A group of notorious gangsters were involved in stealing the gold, worth an estimated £12million at today’s prices. It was never recovered.

In the 1930s, Imperial Airways transported freight, mail and gold bullion around the globe from the airport.

Security was very lax and with only one person on night duty and nothing but a set of keys keeping them from the strongroom, it was the perfect target for the ruthless robbers.

At 4am on March 6, 1935 three men walked unchallenged into the main airport building while Francis Johnson, the man on duty, woke up and made his way onto the air strip to receive a German airliner.

At 7am he would discover that they had strolled off with a fortune in gold bound for Paris and Brussels.

The gold was never found and despite at least five strong suspects, only one person went to jail for the theft.

Cecil Swanland, a 47-year-old impoverished artist with expensive tastes and a young, stylish wife, was jailed for seven years in connection with the crime.

The other two men charged - Silvio ‘Shonk’ Mazzarda, a 38 year-old bookmaker and prominent member of the notorious Sabini gang and a man in his 70s called John O’Brien - were cleared.

Mazzarda, O’Brien and another man known only as Little Harry were involved in the actual robbery. They were picked up by taxi driver George Mason and driven to the airport to pick up the gold and then taken to Swanland’s house.

If it was not for a cyclist who had taken down the number of the taxi when he saw it by the airport at 5am, the men might never have been caught.

The taxi number led the police to Mason who said that he had been woken up by someone called Little Harry, who they never identified, asking him to drive some men to Croydon Airport from Kings Cross Station.

Mason said that he had known Shonk Mazzarda for 30 years and identified him and O’Brien in an identity parade.

In court, however, he changed his testimony and refused to acknowledge that he knew the men.

As a result they could not be prosecuted and walked away.

According to the released files, the police interviewed Mazzarda again in 1937 and he told them that they had obtained copies of the strongroom keys from Burtwell Peters the chief unloader at the airport.
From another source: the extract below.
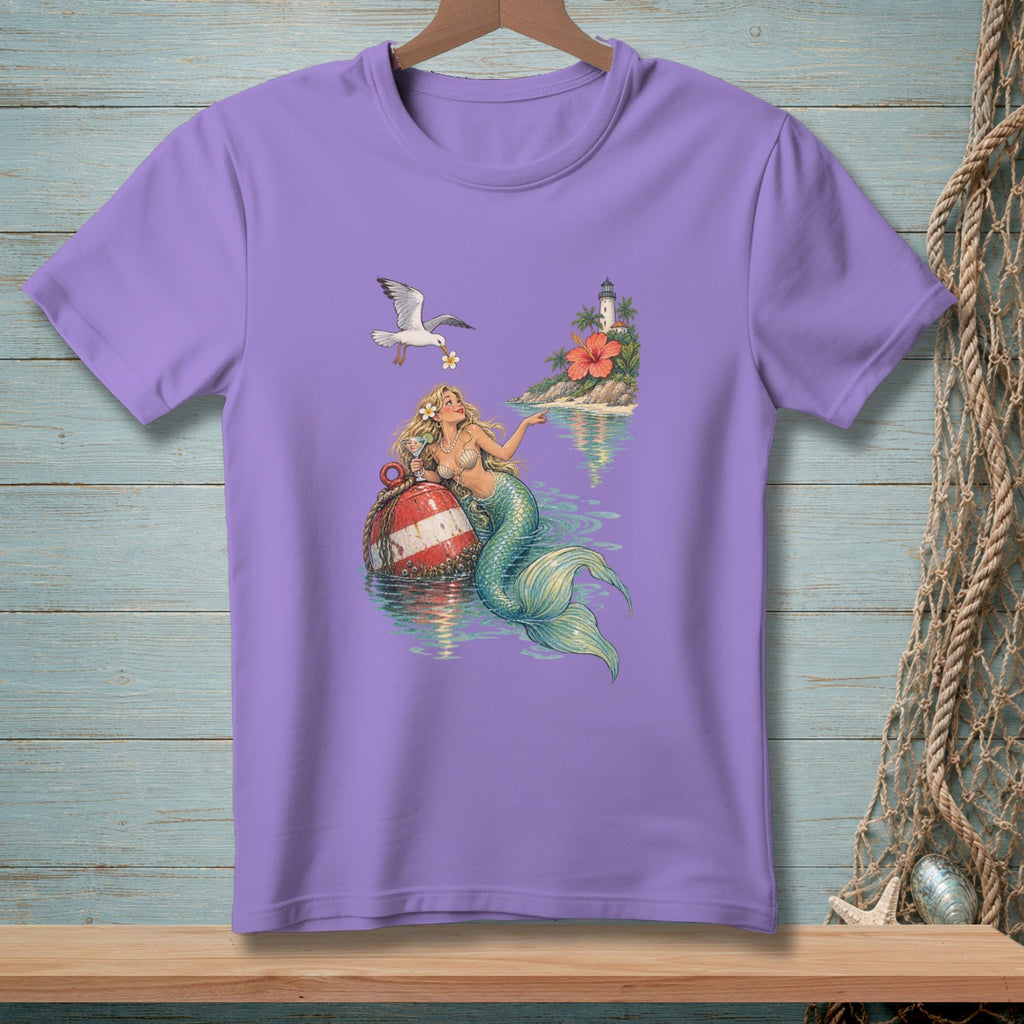 Off Duty By The Lighthouse ~ Comfort Colors Premium Tee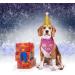 Dog Birthday Bandana Girl Set Pet Happy Birthday Toy Party Triangle Bibs with Cute Biting Bone Scarf Accessory for Small Medium Large Dogs Cats - Pink - Buy Online on SooperMarket.com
He was paid handsomely for his part in the crime.

It is unknown why Mazzarda felt comfortable talking to the police.

It could be that the getaway driver for the Sabini gang was so confident of his strong mob connections that he was not too worried about being arrested.

Swanland was not so lucky. His nosy landlady Mrs Schultz was able to testify that she had seen a taxi arrive at his house and men unloading boxes early in the morning of March 6.
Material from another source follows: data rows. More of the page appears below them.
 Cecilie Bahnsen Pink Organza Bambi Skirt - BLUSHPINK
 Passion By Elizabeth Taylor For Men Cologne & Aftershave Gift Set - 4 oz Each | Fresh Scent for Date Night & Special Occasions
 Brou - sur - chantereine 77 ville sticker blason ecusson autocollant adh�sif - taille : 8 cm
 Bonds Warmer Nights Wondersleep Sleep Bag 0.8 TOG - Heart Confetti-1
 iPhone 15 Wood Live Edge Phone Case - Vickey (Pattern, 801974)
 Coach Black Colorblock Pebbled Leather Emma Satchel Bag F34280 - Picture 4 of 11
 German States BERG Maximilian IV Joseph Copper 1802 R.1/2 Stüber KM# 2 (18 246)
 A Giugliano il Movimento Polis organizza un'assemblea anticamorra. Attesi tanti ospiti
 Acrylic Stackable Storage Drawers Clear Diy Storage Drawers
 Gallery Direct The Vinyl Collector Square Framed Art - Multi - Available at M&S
When the police searched Swanland’s house they found newspaper reports of the theft, an Imperial Airways timetable and debris in the fire place which turned out to be an iron band similar to those securing the boxes of gold.

In the dustbin they found seals for Messrs Japhet & Co, exactly like the ones that had been on one of the missing boxes.

Swanland, who had previously served two substantial prison sentences for forgery and three for theft, was unable to explain why he had ordered £59 worth of clothes, bought a pair of gold cufflinks and a £50 brooch for his 21-year-old wife before the trial, despite having no money.

Evicted from her lodgings, Mrs Swanland moved in with her mother who lived at 48 Dean Street. Although it was never mentioned in court, the police believed that the gold had been transported to this address.

Mrs Swanland, who had no form of income yet, was known to have a substantial bank account after the robbery. She made applications to leave £30 at Wandsworth prison for her caged lover.

For his part, Swanland had to spend seven years locked up before he could enjoy the proceeds of the crime.